LOVINGTON, N.M. – His own children are in their 30s, yet Clyde Wilhoit continues to serve the youth of Lea County.
Andy Wilhoit started showing animals at the Lea County Fair and Rodeo a quarter century ago. His younger brother, Trace, followed suit, and it seemed like a good time for them to learn the lessons that come with showing exhibits at the local fair.
Clyde Wilhoit had shown pigs and horses when he was a kid, raised on a farm near Portales, New Mexico, about 90 miles north of Lovington. He moved to town in 1978 and served as the yard manager at the local livestock auction. Once his boys got involved in showing, he recalled all the important parts of life that he gained while living on a farm in eastern New Mexico.

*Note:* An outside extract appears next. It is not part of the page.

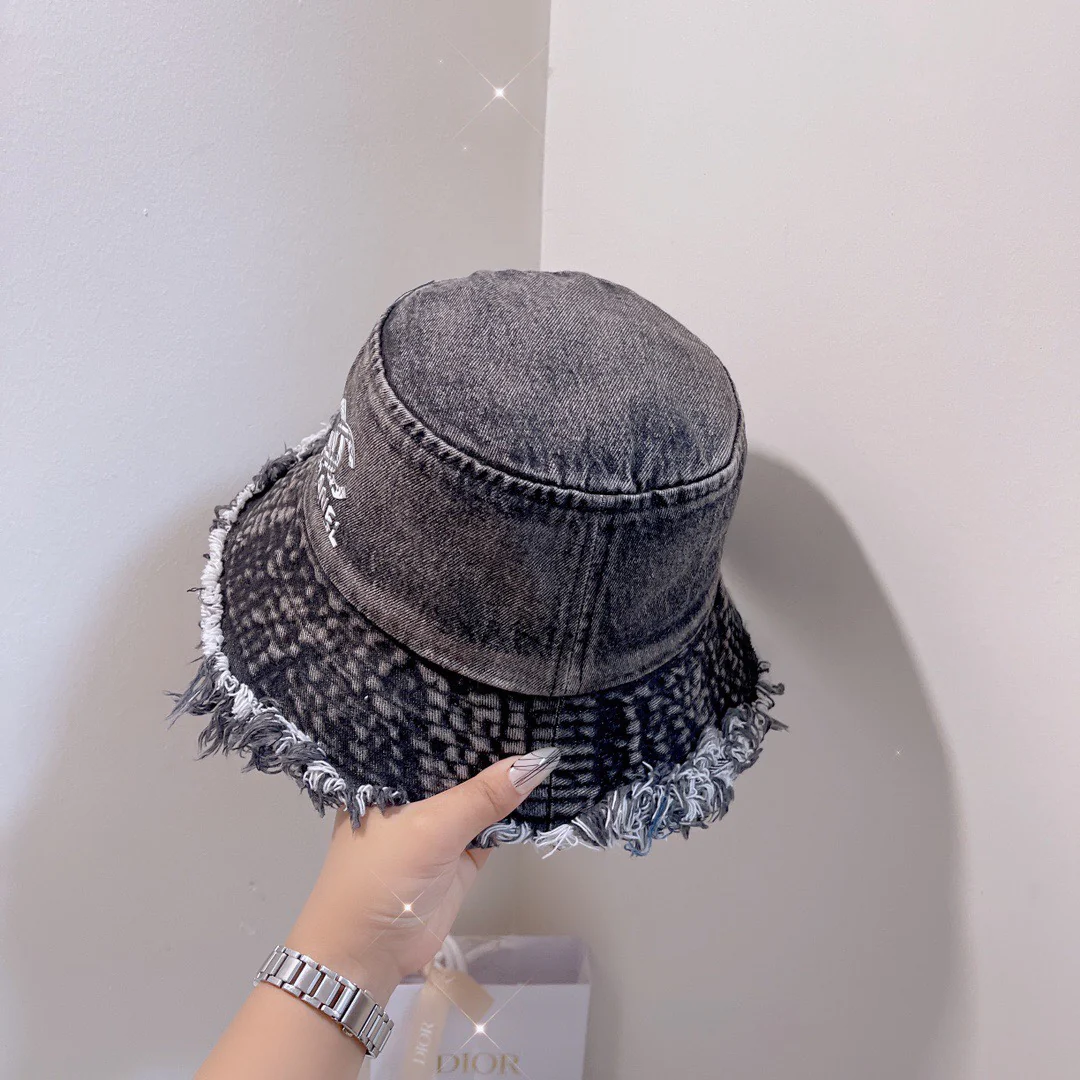 Chanel - Рыбацкая шляпа в стиле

He still shares that with people who ask him, and it’s why he’s the livestock superintendent at the Lea County Fair and Rodeo, which will have its 10-day run from Friday, July 29-Saturday, Aug. 6, at the Lea County Fairgrounds in Lovington.
“My first year as the swine superintendent was 1999,” Wilhoit said. “I did that for 21 years, then they asked me to be the livestock superintendent.”
He went from assigning pens to swine exhibitors and making sure all things with the pig show went right to overseeing every other animal superintendent before the fair and during their time on the fairgrounds. He handles the entire management for all eight species that are shown and offers himself as a support system or a backup plan if situations arise.
“I enjoy doing this,” said Wilhoit, who works for Legacy Reserves when he’s not volunteering. “I have helped with anything they’ve asked me to do in the livestock barn. That’s pretty much what I’ve been doing since we got started.”
Andy is now 35 years old, and Trace is 31. Both of the Wilhoit boys are married with three children each.
“Both of my sons are involved as the swine superintendents,” Wilhoit said. “They enjoyed their time exhibiting at the fair, and they’re both volunteers now also.”
While pigs seem to be the favored choice for the Wilhoits, there have been several species they have shown over their years as youngsters. Clyde Wilhoit actually raises and sells show goats. Everything he does with the fair is because of the children and what they get out of their experiences.
“I try not to butt into other people’s business, but if I’m asked to help, I do,” he said. “I think it is good because of what it teaches the exhibitors. It teaches the responsibility of caring for something else and seeing a project through to the end.
“The best part of the fair, to me, is the livestock shows because it’s something for the future of Lea County. It’s for these kids who exhibit what they have raised and show what they have done in the summer, take pride in what they’ve done and hopefully make the sale at the end.”